**Exercise**
Leave out the images; return the rest of the data exactly.

**Given information**
• • • • •
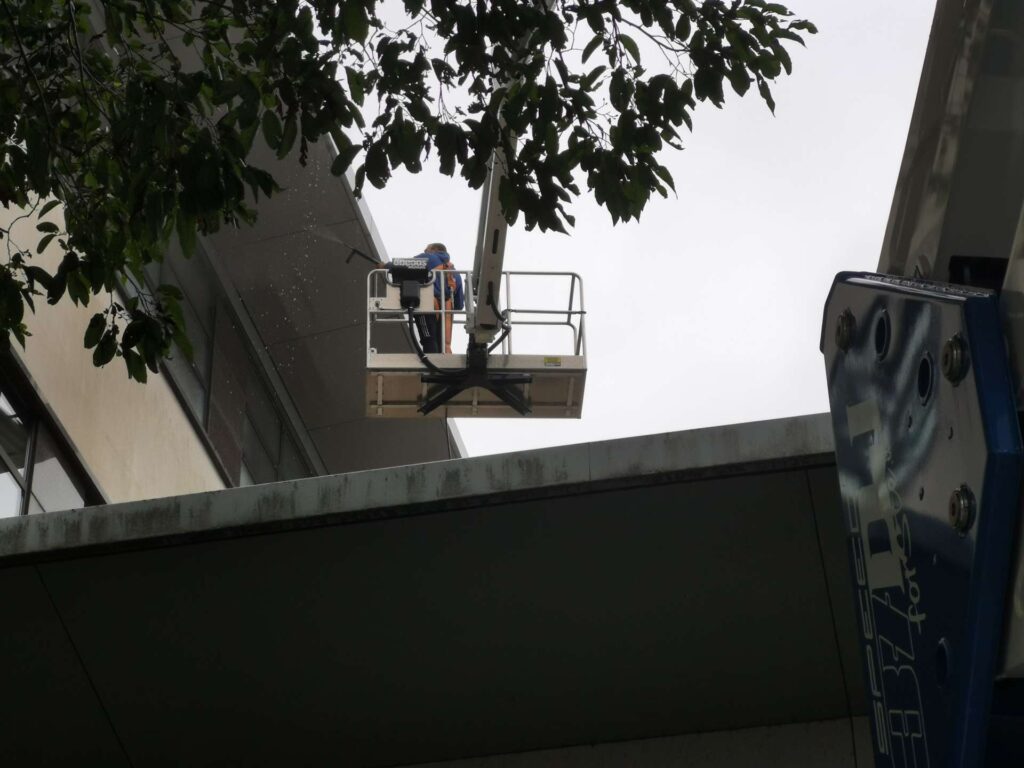 Portfolio afbeelding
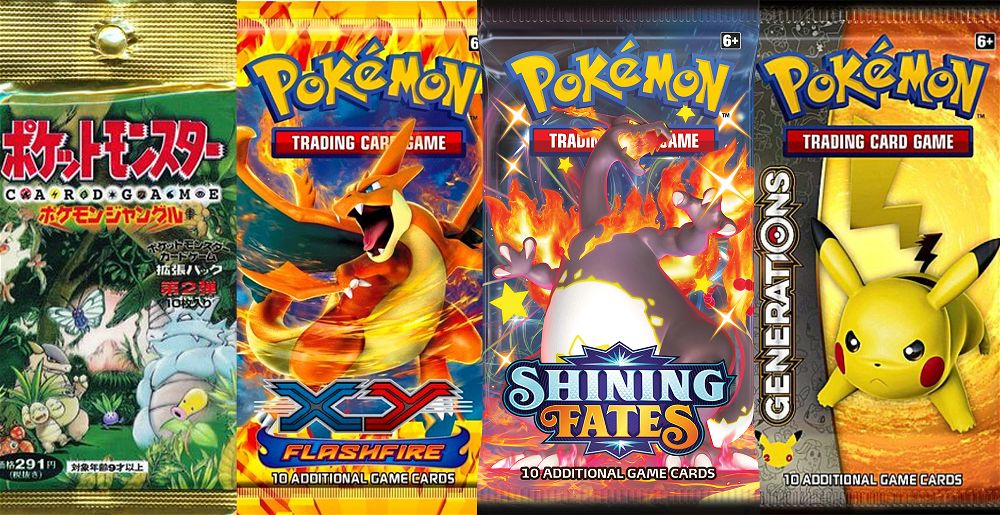 best-pokemon-booster-packs-to-buy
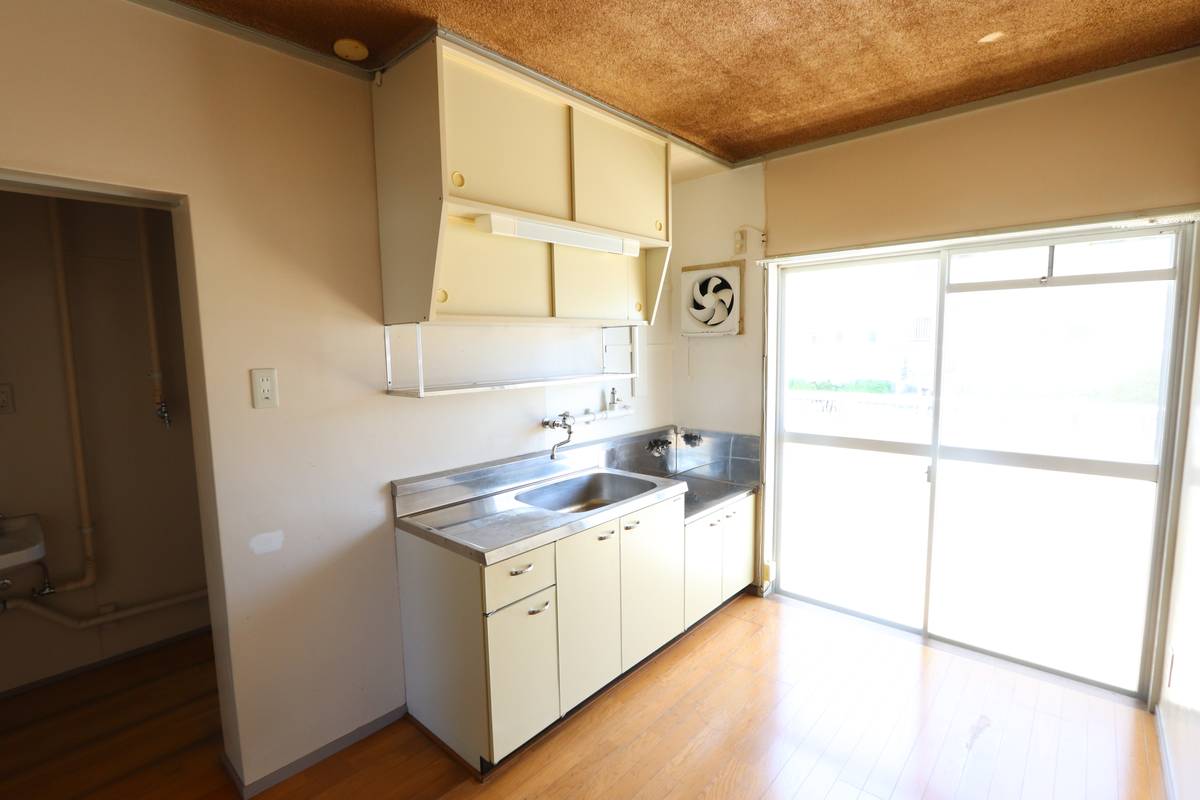 အခြား - Miyako-gun ရှိ Village House Kanda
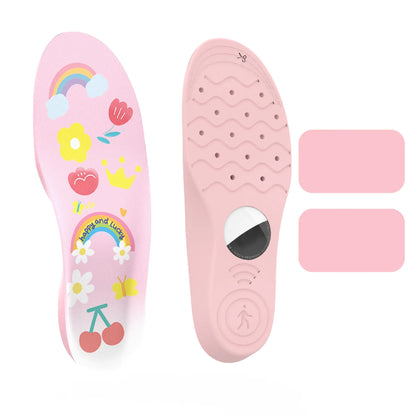 Airtag Shoe Insole Holder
• • • • •
**Completed exercise**
 Portfolio afbeelding
 best-pokemon-booster-packs-to-buy
 အခြား - Miyako-gun ရှိ Village House Kanda
 Airtag Shoe Insole Holder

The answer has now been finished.